> _EXERCISE OBJECTIVE_:
Begin at the line containing "Hotel La Scogliera" in the entries below and end at the line containing "サルヴァトーレフェラガモ(Salvatore Ferragamo)のフェラガモ【Ferragamo】ヴァラプレート エナメル"; transcribe that range exactly and nothing outside it.

(Web page caption snippets)

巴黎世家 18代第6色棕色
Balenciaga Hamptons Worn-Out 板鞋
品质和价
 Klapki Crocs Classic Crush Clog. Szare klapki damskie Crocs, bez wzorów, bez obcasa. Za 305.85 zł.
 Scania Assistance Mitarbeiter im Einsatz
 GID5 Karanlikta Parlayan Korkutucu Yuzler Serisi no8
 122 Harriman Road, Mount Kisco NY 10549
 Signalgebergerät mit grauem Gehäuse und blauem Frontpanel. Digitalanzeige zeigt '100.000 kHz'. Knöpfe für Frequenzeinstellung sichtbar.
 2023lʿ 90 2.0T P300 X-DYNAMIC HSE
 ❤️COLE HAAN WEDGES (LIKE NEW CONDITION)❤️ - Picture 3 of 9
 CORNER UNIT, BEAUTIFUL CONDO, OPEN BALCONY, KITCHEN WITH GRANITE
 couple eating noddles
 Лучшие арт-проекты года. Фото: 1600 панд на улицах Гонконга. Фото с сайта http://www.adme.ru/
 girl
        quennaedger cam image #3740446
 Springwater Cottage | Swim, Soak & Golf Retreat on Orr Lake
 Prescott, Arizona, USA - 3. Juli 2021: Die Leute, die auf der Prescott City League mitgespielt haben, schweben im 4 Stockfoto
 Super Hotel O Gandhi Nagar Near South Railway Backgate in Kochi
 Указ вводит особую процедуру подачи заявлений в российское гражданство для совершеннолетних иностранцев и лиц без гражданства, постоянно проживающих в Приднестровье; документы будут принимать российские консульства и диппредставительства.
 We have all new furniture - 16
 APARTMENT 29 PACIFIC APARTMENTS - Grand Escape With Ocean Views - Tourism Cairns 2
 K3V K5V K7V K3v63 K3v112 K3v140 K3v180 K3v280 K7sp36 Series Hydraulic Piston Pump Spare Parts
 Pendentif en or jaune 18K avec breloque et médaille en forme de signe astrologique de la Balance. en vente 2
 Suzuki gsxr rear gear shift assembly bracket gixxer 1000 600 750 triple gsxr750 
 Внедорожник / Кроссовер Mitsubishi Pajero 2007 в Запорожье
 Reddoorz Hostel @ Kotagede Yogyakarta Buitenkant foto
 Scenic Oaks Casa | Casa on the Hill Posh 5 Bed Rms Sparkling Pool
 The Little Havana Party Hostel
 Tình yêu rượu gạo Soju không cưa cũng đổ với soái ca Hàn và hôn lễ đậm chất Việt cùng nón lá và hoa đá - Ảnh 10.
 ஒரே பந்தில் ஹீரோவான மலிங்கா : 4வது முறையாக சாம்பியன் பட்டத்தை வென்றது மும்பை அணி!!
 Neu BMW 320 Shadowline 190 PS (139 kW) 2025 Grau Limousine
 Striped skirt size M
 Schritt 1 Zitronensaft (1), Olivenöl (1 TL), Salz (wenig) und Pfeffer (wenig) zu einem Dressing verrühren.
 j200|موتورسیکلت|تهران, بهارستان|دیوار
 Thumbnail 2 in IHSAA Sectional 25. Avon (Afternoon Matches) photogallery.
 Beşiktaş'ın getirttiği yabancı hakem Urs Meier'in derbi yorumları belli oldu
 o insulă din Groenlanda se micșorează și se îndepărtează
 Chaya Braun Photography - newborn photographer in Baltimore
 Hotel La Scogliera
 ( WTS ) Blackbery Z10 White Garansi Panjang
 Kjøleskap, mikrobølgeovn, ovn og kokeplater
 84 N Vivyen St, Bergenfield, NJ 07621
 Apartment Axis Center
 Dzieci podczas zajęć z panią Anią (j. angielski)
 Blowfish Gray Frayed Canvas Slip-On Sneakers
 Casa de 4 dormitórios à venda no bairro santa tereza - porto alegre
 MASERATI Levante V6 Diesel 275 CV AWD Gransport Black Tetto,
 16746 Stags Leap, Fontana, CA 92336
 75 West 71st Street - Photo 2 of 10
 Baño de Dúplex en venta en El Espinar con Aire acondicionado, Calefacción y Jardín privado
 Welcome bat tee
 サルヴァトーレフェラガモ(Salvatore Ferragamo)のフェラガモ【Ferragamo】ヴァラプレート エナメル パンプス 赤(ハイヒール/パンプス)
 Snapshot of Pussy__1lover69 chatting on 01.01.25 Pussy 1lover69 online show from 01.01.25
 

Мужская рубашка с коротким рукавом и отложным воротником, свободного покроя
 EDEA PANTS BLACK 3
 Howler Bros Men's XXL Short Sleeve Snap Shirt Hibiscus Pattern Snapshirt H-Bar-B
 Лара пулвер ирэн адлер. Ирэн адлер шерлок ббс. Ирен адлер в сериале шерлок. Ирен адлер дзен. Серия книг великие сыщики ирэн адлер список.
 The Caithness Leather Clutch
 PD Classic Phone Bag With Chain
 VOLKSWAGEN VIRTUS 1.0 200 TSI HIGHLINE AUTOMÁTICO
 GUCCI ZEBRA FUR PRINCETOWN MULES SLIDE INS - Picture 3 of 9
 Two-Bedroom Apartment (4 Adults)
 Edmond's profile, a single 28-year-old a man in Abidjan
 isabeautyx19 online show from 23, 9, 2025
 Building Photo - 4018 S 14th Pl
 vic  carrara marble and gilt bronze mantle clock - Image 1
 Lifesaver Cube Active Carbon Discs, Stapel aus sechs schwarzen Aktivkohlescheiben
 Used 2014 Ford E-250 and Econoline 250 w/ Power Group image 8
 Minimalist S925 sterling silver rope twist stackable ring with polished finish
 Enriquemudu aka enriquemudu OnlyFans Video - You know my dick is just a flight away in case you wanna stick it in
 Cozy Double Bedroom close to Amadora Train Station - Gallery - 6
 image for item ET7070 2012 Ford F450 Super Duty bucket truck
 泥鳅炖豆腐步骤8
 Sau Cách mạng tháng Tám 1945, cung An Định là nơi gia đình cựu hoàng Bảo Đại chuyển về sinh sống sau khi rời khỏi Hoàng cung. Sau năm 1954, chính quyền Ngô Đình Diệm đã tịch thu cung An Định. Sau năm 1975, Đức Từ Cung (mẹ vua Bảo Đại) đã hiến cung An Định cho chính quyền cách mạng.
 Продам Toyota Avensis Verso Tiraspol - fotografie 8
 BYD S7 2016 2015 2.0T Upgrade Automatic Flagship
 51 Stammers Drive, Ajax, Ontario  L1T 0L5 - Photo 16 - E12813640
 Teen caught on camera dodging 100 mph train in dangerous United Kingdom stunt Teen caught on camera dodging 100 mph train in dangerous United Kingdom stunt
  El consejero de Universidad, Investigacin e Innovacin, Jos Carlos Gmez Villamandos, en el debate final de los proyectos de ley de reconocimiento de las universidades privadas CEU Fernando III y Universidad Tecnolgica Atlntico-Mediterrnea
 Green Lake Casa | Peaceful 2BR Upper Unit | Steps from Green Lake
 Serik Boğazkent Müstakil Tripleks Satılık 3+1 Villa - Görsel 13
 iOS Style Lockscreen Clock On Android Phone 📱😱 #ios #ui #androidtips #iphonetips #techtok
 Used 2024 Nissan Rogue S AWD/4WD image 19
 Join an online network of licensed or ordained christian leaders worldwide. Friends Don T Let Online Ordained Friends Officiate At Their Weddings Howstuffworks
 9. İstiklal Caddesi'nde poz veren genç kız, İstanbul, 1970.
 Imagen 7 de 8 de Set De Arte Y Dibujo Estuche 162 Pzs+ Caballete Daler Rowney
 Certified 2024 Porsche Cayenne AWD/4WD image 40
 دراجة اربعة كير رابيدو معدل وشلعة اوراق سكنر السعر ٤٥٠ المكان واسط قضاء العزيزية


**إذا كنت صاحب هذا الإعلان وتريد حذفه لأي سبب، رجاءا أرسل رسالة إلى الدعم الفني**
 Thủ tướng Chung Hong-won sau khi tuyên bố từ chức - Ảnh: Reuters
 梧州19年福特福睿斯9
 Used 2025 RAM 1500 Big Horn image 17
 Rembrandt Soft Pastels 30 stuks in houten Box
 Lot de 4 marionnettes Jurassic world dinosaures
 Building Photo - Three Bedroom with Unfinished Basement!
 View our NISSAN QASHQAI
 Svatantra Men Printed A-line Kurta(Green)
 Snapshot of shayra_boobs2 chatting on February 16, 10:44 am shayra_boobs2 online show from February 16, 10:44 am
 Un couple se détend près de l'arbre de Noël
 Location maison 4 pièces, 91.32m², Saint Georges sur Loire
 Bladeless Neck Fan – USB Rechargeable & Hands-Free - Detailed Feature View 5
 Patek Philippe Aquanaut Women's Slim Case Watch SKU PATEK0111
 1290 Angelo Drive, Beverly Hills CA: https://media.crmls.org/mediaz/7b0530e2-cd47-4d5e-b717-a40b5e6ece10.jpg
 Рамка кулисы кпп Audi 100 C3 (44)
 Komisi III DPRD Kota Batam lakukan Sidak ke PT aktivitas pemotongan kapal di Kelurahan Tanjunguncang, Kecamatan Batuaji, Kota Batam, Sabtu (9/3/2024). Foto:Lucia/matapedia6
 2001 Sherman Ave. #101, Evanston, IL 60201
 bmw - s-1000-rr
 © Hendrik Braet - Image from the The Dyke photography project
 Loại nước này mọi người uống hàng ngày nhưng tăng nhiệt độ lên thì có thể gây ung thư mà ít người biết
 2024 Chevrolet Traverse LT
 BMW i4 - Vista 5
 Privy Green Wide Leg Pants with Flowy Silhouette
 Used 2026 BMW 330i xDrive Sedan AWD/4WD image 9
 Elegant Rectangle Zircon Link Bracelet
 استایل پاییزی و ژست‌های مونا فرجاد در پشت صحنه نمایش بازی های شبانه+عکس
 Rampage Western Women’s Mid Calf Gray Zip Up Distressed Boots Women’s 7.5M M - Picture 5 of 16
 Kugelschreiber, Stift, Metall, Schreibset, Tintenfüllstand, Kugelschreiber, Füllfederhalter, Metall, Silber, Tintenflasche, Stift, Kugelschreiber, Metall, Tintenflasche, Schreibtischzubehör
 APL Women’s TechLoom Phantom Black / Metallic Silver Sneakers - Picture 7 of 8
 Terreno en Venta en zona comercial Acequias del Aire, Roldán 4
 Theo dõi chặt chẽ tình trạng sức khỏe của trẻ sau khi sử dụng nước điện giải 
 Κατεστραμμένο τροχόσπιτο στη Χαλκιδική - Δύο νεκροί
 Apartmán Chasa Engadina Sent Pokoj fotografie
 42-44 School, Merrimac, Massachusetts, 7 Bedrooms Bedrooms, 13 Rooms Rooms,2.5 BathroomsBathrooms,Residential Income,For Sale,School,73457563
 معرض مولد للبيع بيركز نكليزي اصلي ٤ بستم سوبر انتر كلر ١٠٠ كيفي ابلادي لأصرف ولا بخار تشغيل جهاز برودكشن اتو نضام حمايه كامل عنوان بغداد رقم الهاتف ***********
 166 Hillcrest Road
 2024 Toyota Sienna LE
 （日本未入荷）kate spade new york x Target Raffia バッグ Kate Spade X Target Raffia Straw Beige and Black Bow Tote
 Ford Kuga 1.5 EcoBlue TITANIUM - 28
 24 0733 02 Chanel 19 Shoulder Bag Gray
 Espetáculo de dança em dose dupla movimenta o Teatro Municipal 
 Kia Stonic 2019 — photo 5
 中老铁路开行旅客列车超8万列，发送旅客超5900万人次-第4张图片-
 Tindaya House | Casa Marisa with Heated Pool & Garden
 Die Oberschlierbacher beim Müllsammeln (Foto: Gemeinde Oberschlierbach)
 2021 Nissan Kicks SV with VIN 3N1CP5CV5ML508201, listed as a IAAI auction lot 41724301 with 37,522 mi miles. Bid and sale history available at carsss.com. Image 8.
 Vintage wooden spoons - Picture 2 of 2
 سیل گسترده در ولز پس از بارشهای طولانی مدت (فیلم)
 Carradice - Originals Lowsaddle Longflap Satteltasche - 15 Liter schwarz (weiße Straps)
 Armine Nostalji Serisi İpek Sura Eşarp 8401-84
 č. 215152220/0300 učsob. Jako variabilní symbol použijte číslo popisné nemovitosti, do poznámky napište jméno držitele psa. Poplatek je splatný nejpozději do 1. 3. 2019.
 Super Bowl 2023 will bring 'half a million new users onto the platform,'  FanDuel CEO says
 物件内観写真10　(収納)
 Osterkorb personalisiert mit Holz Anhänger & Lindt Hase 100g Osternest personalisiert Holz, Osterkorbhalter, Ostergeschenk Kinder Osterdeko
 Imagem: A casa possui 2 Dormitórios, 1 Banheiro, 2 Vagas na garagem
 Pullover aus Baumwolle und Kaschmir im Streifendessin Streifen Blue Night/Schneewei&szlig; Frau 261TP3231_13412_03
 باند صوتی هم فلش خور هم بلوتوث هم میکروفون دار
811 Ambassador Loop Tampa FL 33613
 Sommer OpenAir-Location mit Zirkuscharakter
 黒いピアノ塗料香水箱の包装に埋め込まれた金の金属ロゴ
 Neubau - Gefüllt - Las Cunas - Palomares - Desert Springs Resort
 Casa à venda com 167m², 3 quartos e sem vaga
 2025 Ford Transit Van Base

> _REPLY_:
 Hotel La Scogliera
 ( WTS ) Blackbery Z10 White Garansi Panjang
 Kjøleskap, mikrobølgeovn, ovn og kokeplater
 84 N Vivyen St, Bergenfield, NJ 07621
 Apartment Axis Center
 Dzieci podczas zajęć z panią Anią (j. angielski)
 Blowfish Gray Frayed Canvas Slip-On Sneakers
 Casa de 4 dormitórios à venda no bairro santa tereza - porto alegre
 MASERATI Levante V6 Diesel 275 CV AWD Gransport Black Tetto,
 16746 Stags Leap, Fontana, CA 92336
 75 West 71st Street - Photo 2 of 10
 Baño de Dúplex en venta en El Espinar con Aire acondicionado, Calefacción y Jardín privado
 Welcome bat tee
 サルヴァトーレフェラガモ(Salvatore Ferragamo)のフェラガモ【Ferragamo】ヴァラプレート エナメル パンプス 赤(ハイヒール/パンプス)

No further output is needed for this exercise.